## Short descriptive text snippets
- Opening Delimiter -
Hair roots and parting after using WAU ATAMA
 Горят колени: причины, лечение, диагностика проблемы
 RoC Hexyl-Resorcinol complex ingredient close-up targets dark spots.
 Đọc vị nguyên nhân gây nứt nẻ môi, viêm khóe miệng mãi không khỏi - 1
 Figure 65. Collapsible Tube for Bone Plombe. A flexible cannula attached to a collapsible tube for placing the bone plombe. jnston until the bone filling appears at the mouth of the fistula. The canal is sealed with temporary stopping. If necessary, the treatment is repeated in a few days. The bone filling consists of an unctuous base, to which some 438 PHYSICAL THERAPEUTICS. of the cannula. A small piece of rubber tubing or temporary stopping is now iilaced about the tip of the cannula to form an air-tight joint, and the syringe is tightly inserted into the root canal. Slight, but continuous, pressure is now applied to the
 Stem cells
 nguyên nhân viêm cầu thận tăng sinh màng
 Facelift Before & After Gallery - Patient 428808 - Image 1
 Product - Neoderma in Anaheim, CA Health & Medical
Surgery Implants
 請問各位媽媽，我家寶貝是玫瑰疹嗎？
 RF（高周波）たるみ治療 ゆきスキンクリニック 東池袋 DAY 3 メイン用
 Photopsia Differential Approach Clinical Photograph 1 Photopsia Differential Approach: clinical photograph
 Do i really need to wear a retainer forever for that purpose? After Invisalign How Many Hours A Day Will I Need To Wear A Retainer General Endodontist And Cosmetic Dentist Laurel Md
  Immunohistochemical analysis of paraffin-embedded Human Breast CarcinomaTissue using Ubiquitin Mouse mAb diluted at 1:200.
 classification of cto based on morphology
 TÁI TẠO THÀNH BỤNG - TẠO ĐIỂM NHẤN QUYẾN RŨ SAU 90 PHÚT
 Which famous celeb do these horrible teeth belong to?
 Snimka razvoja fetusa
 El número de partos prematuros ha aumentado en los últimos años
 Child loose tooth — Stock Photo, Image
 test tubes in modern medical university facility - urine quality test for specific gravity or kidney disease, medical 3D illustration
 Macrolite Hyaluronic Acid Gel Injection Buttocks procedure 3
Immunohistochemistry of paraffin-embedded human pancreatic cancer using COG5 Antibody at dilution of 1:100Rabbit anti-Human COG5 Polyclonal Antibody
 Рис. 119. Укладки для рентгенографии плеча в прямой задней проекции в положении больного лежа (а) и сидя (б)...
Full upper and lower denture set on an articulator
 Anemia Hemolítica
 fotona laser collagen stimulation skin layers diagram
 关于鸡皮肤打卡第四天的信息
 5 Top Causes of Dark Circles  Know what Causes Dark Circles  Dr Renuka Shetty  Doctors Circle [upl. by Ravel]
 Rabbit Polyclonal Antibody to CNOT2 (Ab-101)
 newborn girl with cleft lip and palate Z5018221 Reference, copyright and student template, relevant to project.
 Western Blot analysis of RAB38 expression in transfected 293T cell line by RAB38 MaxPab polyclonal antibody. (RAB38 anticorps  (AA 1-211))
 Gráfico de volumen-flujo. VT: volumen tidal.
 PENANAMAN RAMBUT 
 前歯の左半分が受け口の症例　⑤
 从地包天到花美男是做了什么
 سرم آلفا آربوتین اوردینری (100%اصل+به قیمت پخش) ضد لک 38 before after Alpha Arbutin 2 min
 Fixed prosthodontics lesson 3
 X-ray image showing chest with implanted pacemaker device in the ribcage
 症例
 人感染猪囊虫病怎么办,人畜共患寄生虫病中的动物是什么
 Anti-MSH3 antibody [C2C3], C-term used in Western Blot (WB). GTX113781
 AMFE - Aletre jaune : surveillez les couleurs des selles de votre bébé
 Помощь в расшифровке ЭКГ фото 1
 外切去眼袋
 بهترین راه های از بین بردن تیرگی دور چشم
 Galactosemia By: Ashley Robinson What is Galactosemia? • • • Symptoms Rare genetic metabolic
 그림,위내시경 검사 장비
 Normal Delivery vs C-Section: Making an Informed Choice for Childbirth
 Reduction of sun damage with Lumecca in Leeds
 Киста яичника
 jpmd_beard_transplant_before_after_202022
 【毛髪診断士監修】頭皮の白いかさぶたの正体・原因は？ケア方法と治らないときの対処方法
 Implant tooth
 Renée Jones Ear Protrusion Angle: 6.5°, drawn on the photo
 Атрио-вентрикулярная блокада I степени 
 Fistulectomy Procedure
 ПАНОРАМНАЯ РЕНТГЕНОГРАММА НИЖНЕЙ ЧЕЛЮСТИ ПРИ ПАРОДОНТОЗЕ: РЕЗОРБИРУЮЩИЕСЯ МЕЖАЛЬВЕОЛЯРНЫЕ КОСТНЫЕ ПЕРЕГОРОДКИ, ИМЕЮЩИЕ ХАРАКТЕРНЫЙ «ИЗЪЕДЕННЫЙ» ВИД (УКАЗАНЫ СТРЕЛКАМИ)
- Closing Delimiter -
## AIM OF THE EXERCISE
Only the lines above from the line with "RF（高周波）たるみ治療 ゆきスキンクリニック 東池袋 DAY 3 メイン用" to the line with "سرم آلفا آربوتین", those two lines included, should be reproduced exactly.

## WORKED SOLUTION
 RF（高周波）たるみ治療 ゆきスキンクリニック 東池袋 DAY 3 メイン用
 Photopsia Differential Approach Clinical Photograph 1 Photopsia Differential Approach: clinical photograph
 Do i really need to wear a retainer forever for that purpose? After Invisalign How Many Hours A Day Will I Need To Wear A Retainer General Endodontist And Cosmetic Dentist Laurel Md
  Immunohistochemical analysis of paraffin-embedded Human Breast CarcinomaTissue using Ubiquitin Mouse mAb diluted at 1:200.
 classification of cto based on morphology
 TÁI TẠO THÀNH BỤNG - TẠO ĐIỂM NHẤN QUYẾN RŨ SAU 90 PHÚT
 Which famous celeb do these horrible teeth belong to?
 Snimka razvoja fetusa
 El número de partos prematuros ha aumentado en los últimos años
 Child loose tooth — Stock Photo, Image
 test tubes in modern medical university facility - urine quality test for specific gravity or kidney disease, medical 3D illustration
 Macrolite Hyaluronic Acid Gel Injection Buttocks procedure 3
Immunohistochemistry of paraffin-embedded human pancreatic cancer using COG5 Antibody at dilution of 1:100Rabbit anti-Human COG5 Polyclonal Antibody
 Рис. 119. Укладки для рентгенографии плеча в прямой задней проекции в положении больного лежа (а) и сидя (б)...
Full upper and lower denture set on an articulator
 Anemia Hemolítica
 fotona laser collagen stimulation skin layers diagram
 关于鸡皮肤打卡第四天的信息
 5 Top Causes of Dark Circles  Know what Causes Dark Circles  Dr Renuka Shetty  Doctors Circle [upl. by Ravel]
 Rabbit Polyclonal Antibody to CNOT2 (Ab-101)
 newborn girl with cleft lip and palate Z5018221 Reference, copyright and student template, relevant to project.
 Western Blot analysis of RAB38 expression in transfected 293T cell line by RAB38 MaxPab polyclonal antibody. (RAB38 anticorps  (AA 1-211))
 Gráfico de volumen-flujo. VT: volumen tidal.
 PENANAMAN RAMBUT 
 前歯の左半分が受け口の症例　⑤
 从地包天到花美男是做了什么
 سرم آلفا آربوتین اوردینری (100%اصل+به قیمت پخش) ضد لک 38 before after Alpha Arbutin 2 min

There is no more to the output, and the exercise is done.